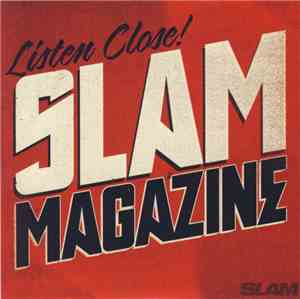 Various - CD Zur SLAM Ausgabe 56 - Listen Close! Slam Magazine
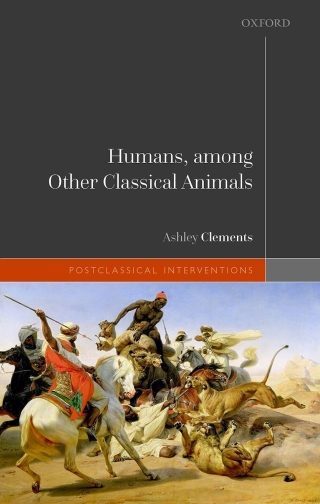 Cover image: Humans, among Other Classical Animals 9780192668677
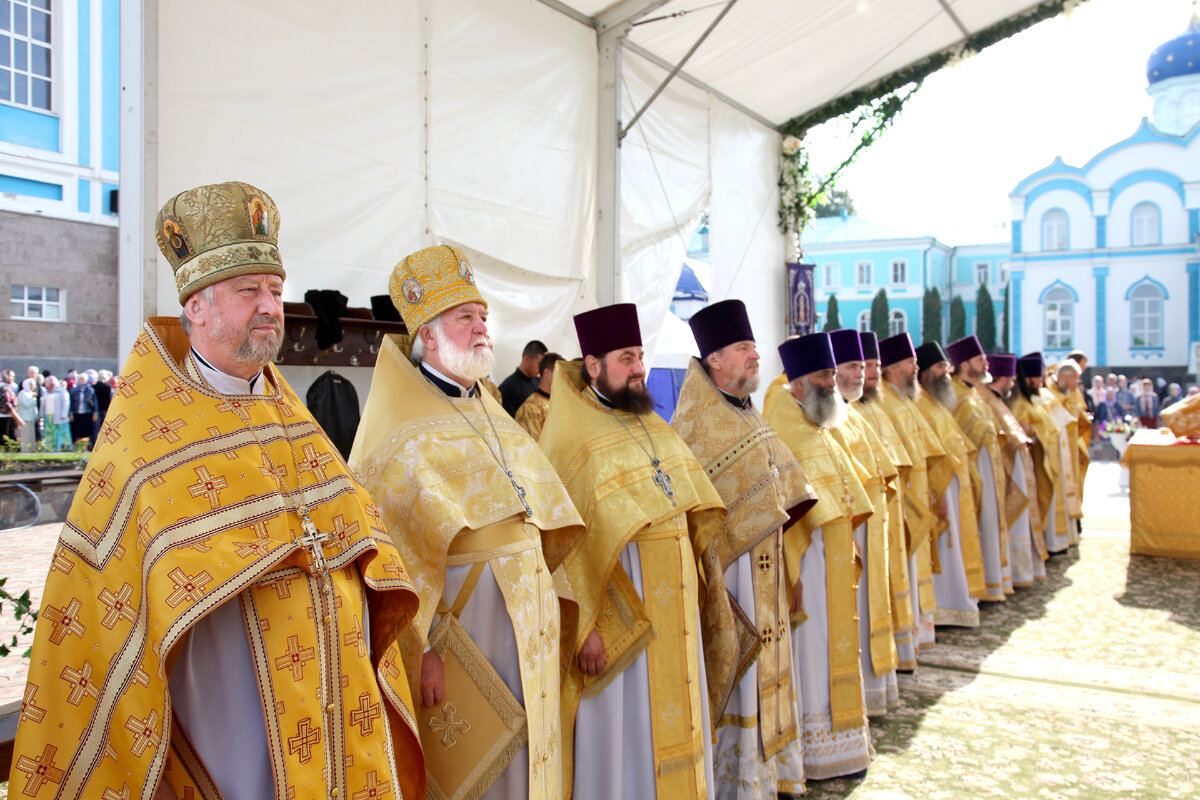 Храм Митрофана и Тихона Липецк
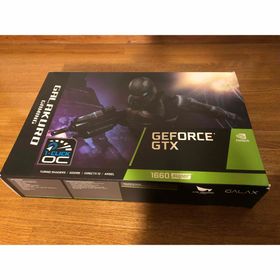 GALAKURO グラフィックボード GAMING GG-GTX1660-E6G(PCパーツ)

---

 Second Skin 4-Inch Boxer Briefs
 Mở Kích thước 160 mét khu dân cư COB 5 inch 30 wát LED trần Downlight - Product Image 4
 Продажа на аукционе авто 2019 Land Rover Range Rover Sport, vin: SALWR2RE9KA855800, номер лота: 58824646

→ The problem:
From the records above, output only the lines starting at the one containing "Various - CD" and ending at the one containing "GALAKURO グラフィックボード GAMING", word for word. Pictures stay out.

→ Exercise answer:
 Various - CD Zur SLAM Ausgabe 56 - Listen Close! Slam Magazine
 Cover image: Humans, among Other Classical Animals 9780192668677
 Храм Митрофана и Тихона Липецк
 GALAKURO グラフィックボード GAMING GG-GTX1660-E6G(PCパーツ)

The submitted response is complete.